Migranti, ennesima presa in giro dell’Ue all’Italia. Il premier Gentiloni contava molto sul prossimo vertice Ue, in programma a Tallin mercoledì e giovedì prossimi, vertice che inaugurerà il semestre di presidenza lettone dell’Unione europea. Contava, Gentiloni, su risposte  e impegni «immediati» da parte dell’Ue per ripartire gli oneri dell’accoglienza dei migranti tra tutti i Paesi dell’Unione . La situazione è diventata esplosiva in questi giorni con migliaia e migliaia di profughi sbarcati sulle nostre coste. Le parole della Merkel e di Juncker sembravano incoraggianti. E invece niente.
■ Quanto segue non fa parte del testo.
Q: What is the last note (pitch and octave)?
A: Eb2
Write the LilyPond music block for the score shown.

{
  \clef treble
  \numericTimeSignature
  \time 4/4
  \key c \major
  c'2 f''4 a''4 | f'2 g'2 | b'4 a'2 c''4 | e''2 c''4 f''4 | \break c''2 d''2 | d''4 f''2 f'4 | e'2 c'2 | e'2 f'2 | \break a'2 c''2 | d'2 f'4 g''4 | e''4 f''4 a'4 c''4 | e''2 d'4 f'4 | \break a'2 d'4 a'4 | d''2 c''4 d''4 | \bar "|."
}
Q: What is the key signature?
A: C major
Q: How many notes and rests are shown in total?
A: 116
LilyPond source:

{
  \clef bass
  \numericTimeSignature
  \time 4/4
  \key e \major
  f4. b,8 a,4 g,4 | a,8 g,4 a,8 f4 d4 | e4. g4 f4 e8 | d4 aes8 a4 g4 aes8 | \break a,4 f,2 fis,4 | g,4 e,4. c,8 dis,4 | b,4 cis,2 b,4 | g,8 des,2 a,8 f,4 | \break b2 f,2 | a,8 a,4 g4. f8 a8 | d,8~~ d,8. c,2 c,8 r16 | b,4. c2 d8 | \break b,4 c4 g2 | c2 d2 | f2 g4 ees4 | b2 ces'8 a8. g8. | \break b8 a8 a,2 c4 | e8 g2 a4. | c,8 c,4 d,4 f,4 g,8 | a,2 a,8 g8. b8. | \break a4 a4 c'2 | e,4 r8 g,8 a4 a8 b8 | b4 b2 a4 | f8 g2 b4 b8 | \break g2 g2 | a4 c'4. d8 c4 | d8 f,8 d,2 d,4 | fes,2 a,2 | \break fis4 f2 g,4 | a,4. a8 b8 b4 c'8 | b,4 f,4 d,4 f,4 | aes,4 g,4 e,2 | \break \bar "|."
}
I partner Ue non sembrano minimante interessati ad alleviare il peso di Italia e Grecia.

La doccia fredda è arrivata questo pomeriggio con queste dure e irritanti parole di Andres Anvelt, che guiderà la riunione informale dei ministri dell’Interno Ue. E  dalla quale, appunto, Gentiloni si aspettava un primo «sbocco» all’invocata solidarietà europea:  «All’Italia non daremo nessuna risposta», ma «ascolteremo quali sono stati i cambiamenti che quest’ultima settimana hanno indotto Roma a minacciare la chiusura dei suoi porti alle navi delle Ong, per vedere come affrontare la questione della protezione delle frontiere, dei porti e le relazioni con la Libia». Insomma, una vera e propria beffa da parte del rappresentante di un Paese che dista migliaia di chilometri dai lidi dell’emergenza migranti. La chiusura estone è stata in qualche modo anticipata da Macron, il quale ha fatto subito il furbetto, affermando che la Francia è  disposta a fare la sua parte solo sulla gestione dei richiedenti asilo.
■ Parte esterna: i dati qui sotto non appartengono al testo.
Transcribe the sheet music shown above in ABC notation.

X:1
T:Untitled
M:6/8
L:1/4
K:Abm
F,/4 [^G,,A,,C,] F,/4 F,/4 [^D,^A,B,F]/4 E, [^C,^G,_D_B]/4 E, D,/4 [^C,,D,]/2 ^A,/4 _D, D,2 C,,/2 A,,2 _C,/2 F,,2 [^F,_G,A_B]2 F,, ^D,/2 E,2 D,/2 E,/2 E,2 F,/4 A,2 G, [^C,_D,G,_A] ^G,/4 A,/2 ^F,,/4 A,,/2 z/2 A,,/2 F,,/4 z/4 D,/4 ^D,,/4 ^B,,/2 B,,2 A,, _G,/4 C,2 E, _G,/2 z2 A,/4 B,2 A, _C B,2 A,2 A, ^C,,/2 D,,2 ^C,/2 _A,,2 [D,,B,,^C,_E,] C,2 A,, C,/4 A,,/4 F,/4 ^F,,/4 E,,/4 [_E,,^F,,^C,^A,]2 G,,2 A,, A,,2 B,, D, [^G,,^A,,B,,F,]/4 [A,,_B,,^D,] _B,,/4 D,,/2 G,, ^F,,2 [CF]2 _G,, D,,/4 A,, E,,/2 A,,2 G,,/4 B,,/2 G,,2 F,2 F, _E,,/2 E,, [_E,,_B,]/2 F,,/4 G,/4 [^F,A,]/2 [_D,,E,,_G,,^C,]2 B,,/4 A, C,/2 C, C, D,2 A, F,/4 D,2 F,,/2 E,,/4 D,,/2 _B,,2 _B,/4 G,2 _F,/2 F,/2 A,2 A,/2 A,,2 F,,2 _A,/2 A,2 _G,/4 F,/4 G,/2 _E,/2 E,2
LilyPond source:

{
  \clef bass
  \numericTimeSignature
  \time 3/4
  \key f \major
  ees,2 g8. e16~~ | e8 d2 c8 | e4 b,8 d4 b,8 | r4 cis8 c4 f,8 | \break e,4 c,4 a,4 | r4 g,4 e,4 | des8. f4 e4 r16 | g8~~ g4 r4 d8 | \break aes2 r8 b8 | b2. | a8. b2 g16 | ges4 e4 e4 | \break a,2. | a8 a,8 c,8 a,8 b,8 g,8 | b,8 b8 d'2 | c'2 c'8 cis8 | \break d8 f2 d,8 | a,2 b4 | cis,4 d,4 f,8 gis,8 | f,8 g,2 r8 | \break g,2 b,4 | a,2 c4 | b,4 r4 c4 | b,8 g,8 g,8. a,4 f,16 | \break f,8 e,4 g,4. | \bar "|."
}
A questo punto, che farà Gentiloni? Darà attuazione alle ventilata chiusura dei porti alle navi Ong straniere cariche di migranti? Noi ce lo auguriamo, ma non ci speriamo: se dall’Europa sono arrivate risposte così sprezzanti, vuole dire che i governanti italiani non sono presi sul serio quando tentato di fare la voce grossa.